Exercise prompt: Record by record, write out the listing word for word while omitting pictures.

Supplied material:

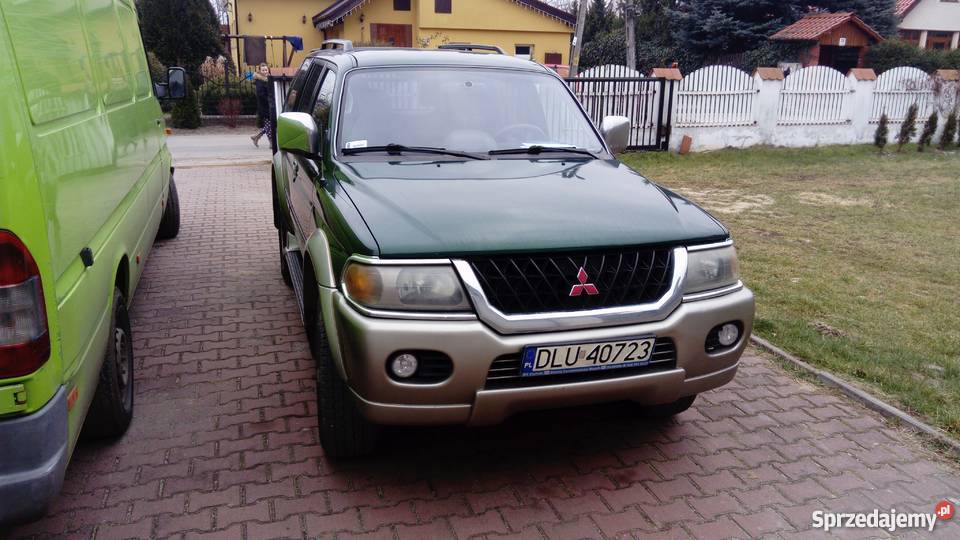 Mitsubishi Pajero sport 2002 lpg dolnośląskie Lubin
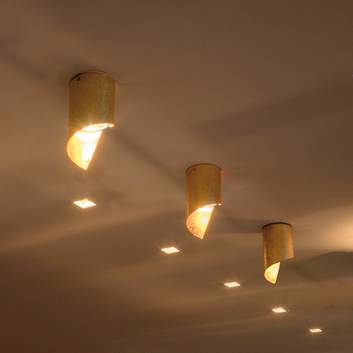 Knikerboker Hué - plafonnier LED en feuilles d’or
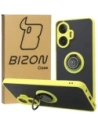 Kup Etui z uchwytem na palec Bizon Case Hybrid Ring do Realme C55 przydymione z żółtą ramką - BIZ738 - {ean13} - Sklep Home Screen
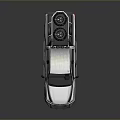 Nissan Pickup Truck With Roof Mounted Lights Body Stripes And Black Wheels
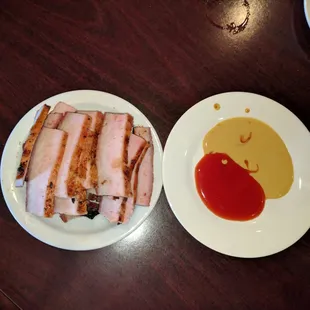 Big mound if pork and seeds yum yum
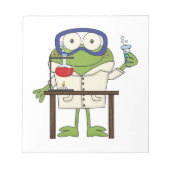 Kikker in het Laboratorium van de Wetenschap Notitieblok (Voorkant)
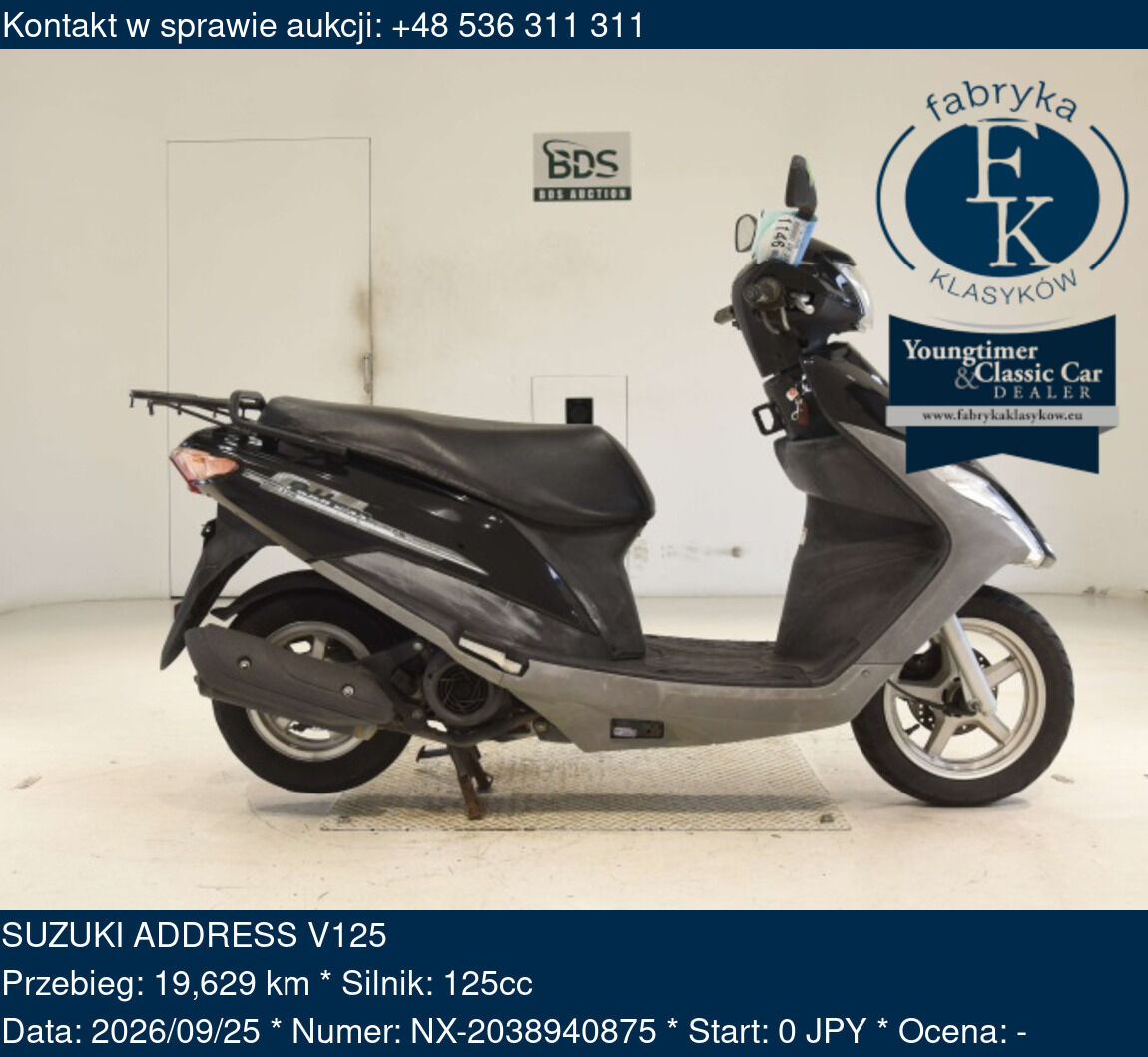 SUZUKI ADDRESS V125  - zdjęcie 2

Exercise response:
 Mitsubishi Pajero sport 2002 lpg dolnośląskie Lubin
 Knikerboker Hué - plafonnier LED en feuilles d’or
 Kup Etui z uchwytem na palec Bizon Case Hybrid Ring do Realme C55 przydymione z żółtą ramką - BIZ738 - {ean13} - Sklep Home Screen
 Nissan Pickup Truck With Roof Mounted Lights Body Stripes And Black Wheels
 Big mound if pork and seeds yum yum
 Kikker in het Laboratorium van de Wetenschap Notitieblok (Voorkant)
 SUZUKI ADDRESS V125  - zdjęcie 2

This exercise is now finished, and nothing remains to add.